Sunflower: AZT22 - Death Mud Strikes Again

Mike and I were back at it again, up to Sunflower to knock out a portion of our Four Peaks bikepack that we aborted. The weather was looking a bit iffy, but we decided to give it a go in hopes of clearing any catclaw & Manzanita along the way.

Our planned route would take us from Sunflower onto the Arizona Trail for a few miles before climbing FR201 to the Goldridge trail. This would then lead us down to our vehicle at the Deer Creek trailhead south of Rye.
Almost ripe for the pickin'!!

Nice signage at the Sunflower trailhead.

Short connector trail leads across Sycamore Creek to the AZT. I've always encountered water here.

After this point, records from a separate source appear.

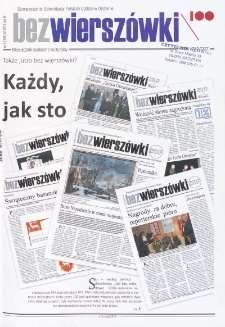 Bez Wierszówki, 2013, nr 5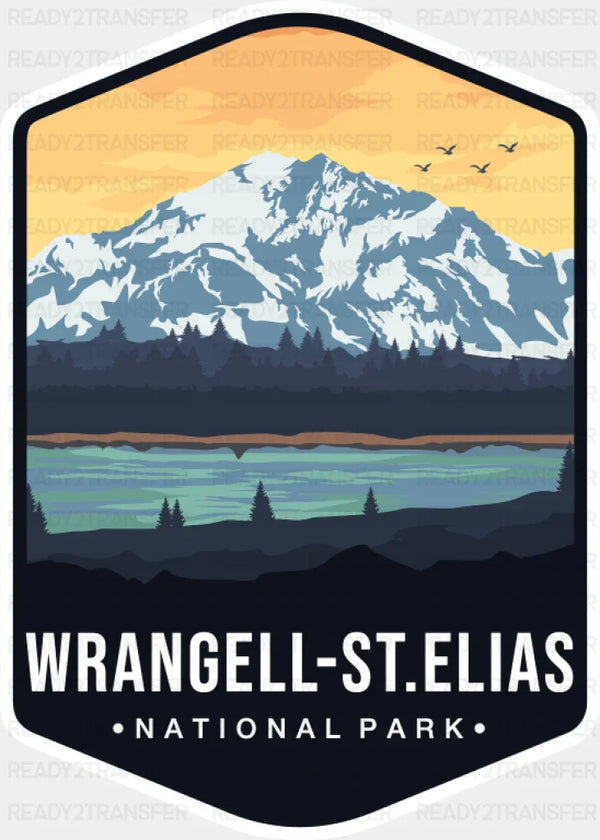 Wrangell St. Elias National Park Colorful Design - National Parks DTF Transfer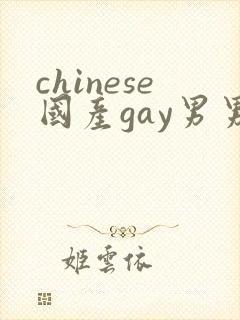 chinese国产gay男男网站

Linking in to the AZT at the tail end of Passage 21.
We rolled under AZ87 and the trail corridor was surprisingly clear of poking vegetation. A few short rubbly ups and downs ensued as we began to distance ourselves from the road.
Vintage AZT sticker. 'Border-To-Border 750 Miles'

So far the trail was riding great, hero dirt actually. The weather was holding off too.

In the distance it appeared the clouds were pushing off and the skies might clear.
Then it happened. The singletrack ended after we went through a gate and the AZT morphed onto a jeep road. At first it was fine, then that awful feeling of slowing tires met by the audible ting, ting, ting of rocks pelting my frame meant only one thing: Death Mud!!! Ack!! We ground to a halt. I immediately began looking for a sizable stick to begin scraping while Mike wasn't quite sure what was going on. It was his first encounter with the peanut butter, cookie dough, death mud or whatever you want to call it. We tried picking different lines to ride, but all were short lived.
The patented Death Mud position. Photo by Mike.

It's not just mud, it's rocks, sticks, grass or whatever you happen to roll over. Photo by Mike.
I was hopeful it would end soon, but couldn't quite recall how long the jeep road section was. We still had a few miles before a short bit of pavement too. I began scouring the topo maps and aerials of the region in hopes of finding a short bailout to the road where we could continue on to FR201. At the very least to see if it was rideable.

It looked like there was a drainage between two properties about 1/4 mile back, so we backtracked through the muck. Lots of scraping followed, but we eventually reached a possible bailout. This didn't last long as it abruptly led us to a 'No Trespassing' sign and no other alternative. On to Plan B.

The next drainage looked much more promising, marginally rideable due to tons of river rock, but we made progress until we were met by the first in a series of barbed wire fences. We didn't see any signage and knew the road - the old Beeline Hwy - was only a few hundred feet away.
Seems doable. Our road exit is by the tall trees behind my head. Photo by Mike.
We climbed over, under and through the fences on our quest for pavement. Then we spotted what looked like a Roman Aqueduct. What the...

Not something I'd expect to see out here. Looks to be more for show than anything else.
By now we were just about in the clear, but heard a dog barking to our right. Sounded kinda big, so we veered left and climbed one last hurdle out to the road.

We then decided to stay with our plan and see how FR201 looked. The old Beeline is closed to through traffic by a series of earthen berms, so I wasn't surprised to see a giant 'Road Closed' sign up ahead. What did surprise me were the padlocks, Private Property & No Trespassing signs posted. Huh? I had ridden through here before without issue. I guess since the road is closed the rancher decided to reclaim his land??

Right about then the weather began turning colder as we flipped around. We decided our 8 mile adventure was enough for the day and called it quits. We'll have to make a return trip in the spring for a proper ride.

Cruising back to Sunflower via old Beeline Hwy. I remember driving this route in the early 90's heading to Payson. Photo by Mike.
Thanks again for tagging along, Mike. I'm sure we'll find a way to keep the adventure meter pegged on the next outing!!